# How do you solve 4+ 2i - ( a + 4i ) = 9- 2i?

Jun 20, 2018

Group the real part and imaginary part and find what you need to.

#### Explanation:

Okay, let me explain. What you have here is a complex number. Right now we have to put it in form $a + b i$. In that form we call $a$ the real part and $b$ the imaginary part. This because $b$ is multiplied by $i$, which is nowhere on the real line. This makes things much easier. You will often see the notation of $I m \left(z\right)$ as a function that gives you back the imaginary part and $R e \left(z\right)$ as the function that give you the real part (ex. $I m \left(4 + 3 i\right) = 3$, $R e \left(4 + 3 i\right) = 4$).

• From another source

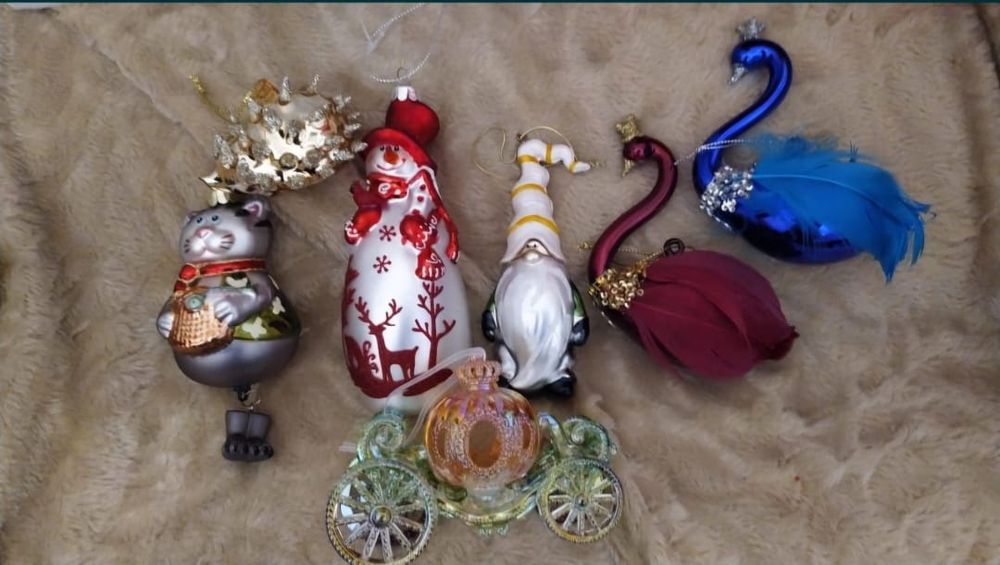 Ёлочные игрушки-бусы стекло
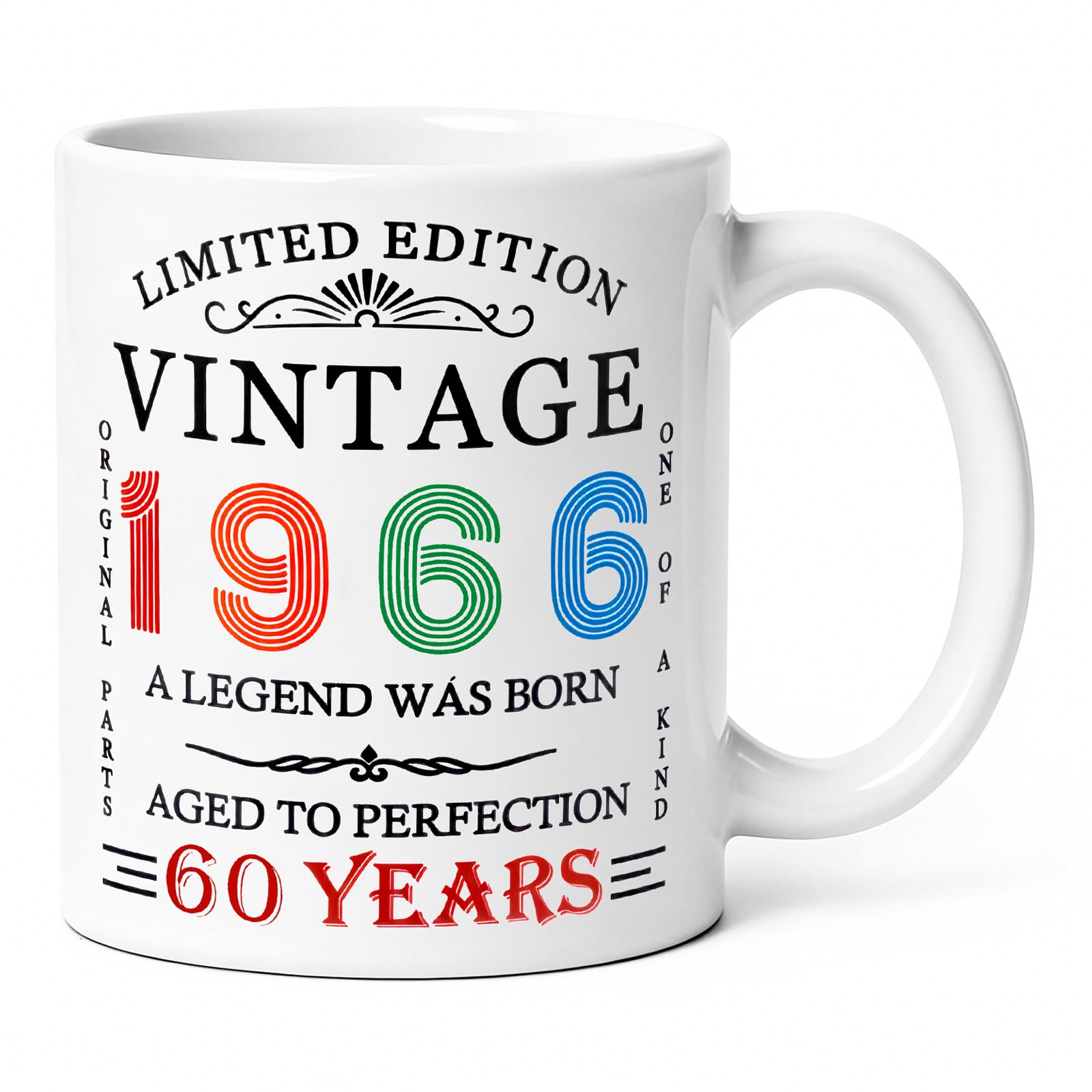 Yuecda 1966 Birthday Gifts for Women, Vintage 1966 Cups Coffee Mug 11oz, Gift Ideas for 60 Year Old Woman, Turning 60 Gifts for Man, Dad, Husband, Wife, Grandma, Mom, Friends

I'm going yo use that notation, so you can start gettin used to it.

Let's make $4 + 2 i - \left(a + 4 i\right)$ into $a + b i$ form.
$4 + 2 i - \left(a + 4 i\right) = 4 + 2 i - a - 4 i = 4 - a + 2 i - 4 i = \left(4 - a\right) + \left(2 - 4\right) i = \left(4 - a\right) - 2 i$

So we know that $\left(4 - a\right) - 2 i = 9 - 2 i$. We can use the $R e$ function here now, to solve for $a$.

$R e \left(\left(4 - a\right) - 2 i\right) = R e \left(9 - 2 i\right)$
$4 - a = 9$

And so, we finally claim our victory:
$4 = 9 + a$
$a = - 5$